# Probleme mit XML und JTree



## Gelöschtes Mitglied 12486 (17. Mai 2009)

Hallo, ich versuche das was viele andere vor mir auch schon versucht haben. Ich möchte einen rudimentären XML Editor schreiben, welcher eine  XML Datei einlesen kann und diese in einem JTree darstellt. Als nächstes sollen die Elemente im JTree veränderbar sein, so dass ich dort was einfügen oder löschen kann. Nach dem ich damit fertig bin möchte ich das ganze natürlich auch wieder als neue .xml-Datei abspeichern können.
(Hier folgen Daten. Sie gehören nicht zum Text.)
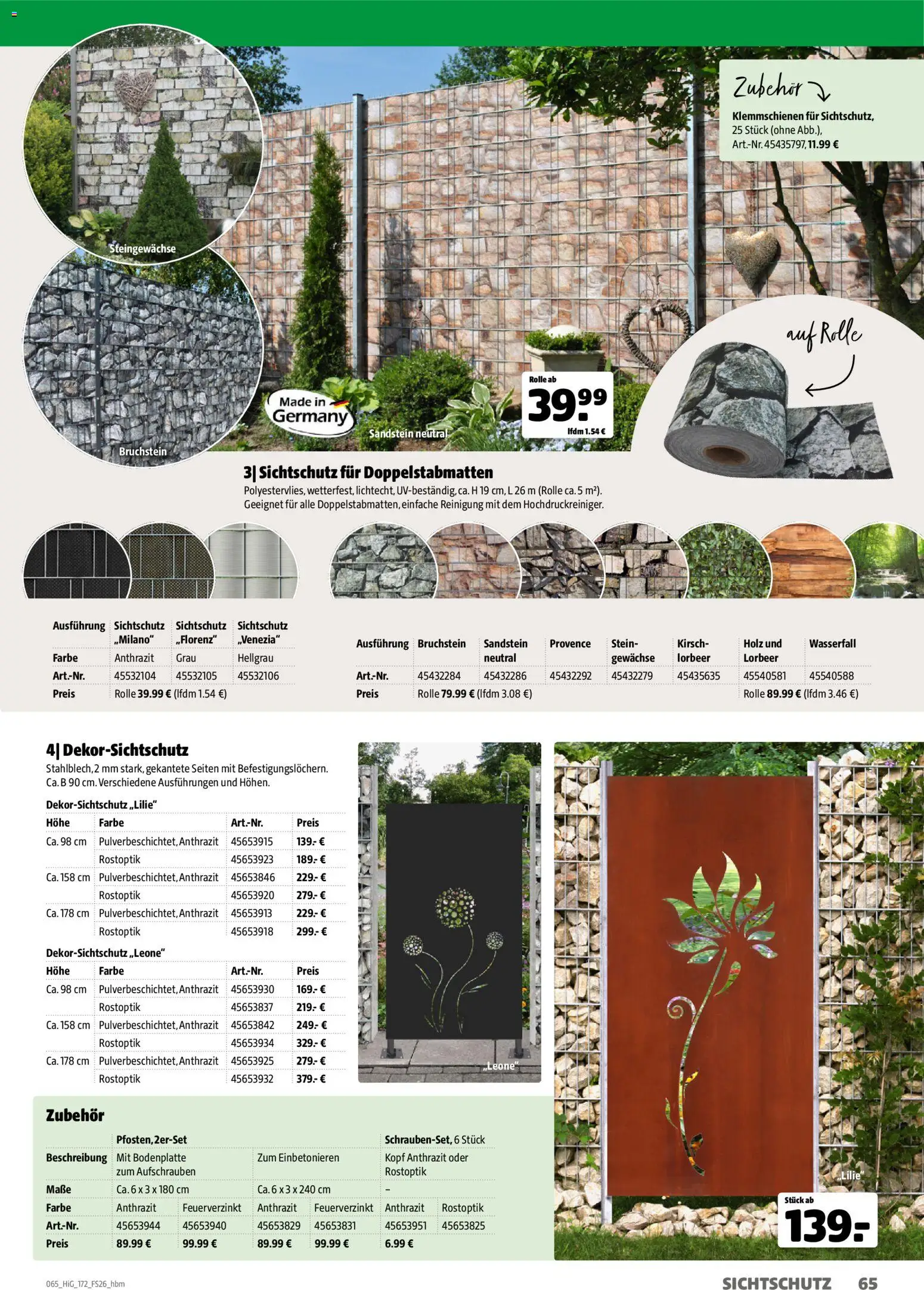 Hagebau Gartengestaltungsortiment – gültig ab 02.03.2026 | Seite: 65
Mein Ansatz war, mir eine eigene Klasse MyTreeNode zu schreiben, welche dann die Interfaces TreeNode und Element implementiert. Damit wollte ich mir dann meinen eigenen Baum zusammen basteln. Mein Problem ist aber, dass TreeNode und Element ein paar gleichnamige Methoden haben und ich diese nun nicht ordentlich implementiert bekomme. Eine andere Variante war dann, einfach JDOM zu benutzen und dort von Element zu erben um das selbe zu erreichen. Dort gibt es aber wieder rum eine gleichnamige Methode die das ganze verhindert.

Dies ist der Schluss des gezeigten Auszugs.